▶ _Exercise aim_
All lines of the entries with "Black" in them must be listed.

▶ _Records for the exercise_

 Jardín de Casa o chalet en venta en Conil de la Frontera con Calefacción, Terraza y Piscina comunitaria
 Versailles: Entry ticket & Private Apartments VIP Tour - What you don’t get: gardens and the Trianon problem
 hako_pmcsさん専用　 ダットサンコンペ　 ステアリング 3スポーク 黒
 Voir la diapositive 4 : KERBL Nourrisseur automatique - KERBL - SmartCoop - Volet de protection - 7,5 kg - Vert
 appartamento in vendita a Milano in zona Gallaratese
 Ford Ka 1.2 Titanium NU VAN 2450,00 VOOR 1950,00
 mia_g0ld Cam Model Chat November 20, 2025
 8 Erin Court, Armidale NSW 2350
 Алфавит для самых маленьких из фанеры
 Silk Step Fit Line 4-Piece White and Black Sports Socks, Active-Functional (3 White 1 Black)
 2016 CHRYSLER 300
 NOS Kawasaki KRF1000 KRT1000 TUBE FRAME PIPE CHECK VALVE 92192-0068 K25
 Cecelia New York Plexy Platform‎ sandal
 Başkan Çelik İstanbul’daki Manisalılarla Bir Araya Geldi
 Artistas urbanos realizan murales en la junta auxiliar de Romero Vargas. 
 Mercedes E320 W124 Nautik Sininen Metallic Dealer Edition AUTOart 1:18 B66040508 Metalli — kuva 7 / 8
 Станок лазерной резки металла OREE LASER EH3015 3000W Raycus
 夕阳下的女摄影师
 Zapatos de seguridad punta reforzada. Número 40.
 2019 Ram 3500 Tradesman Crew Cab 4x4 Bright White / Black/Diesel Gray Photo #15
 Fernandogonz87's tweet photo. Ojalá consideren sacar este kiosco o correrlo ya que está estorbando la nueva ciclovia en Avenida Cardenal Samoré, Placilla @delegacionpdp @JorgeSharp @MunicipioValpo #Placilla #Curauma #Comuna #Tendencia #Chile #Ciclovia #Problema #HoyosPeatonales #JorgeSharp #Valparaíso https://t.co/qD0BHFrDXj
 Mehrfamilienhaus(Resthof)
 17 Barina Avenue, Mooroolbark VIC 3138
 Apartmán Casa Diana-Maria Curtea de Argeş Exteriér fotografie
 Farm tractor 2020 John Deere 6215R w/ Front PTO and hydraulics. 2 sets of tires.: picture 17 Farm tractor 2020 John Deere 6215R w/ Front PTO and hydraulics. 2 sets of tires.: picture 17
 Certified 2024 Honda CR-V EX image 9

▶ _Answer for this exercise_
 Silk Step Fit Line 4-Piece White and Black Sports Socks, Active-Functional (3 White 1 Black)
 2019 Ram 3500 Tradesman Crew Cab 4x4 Bright White / Black/Diesel Gray Photo #15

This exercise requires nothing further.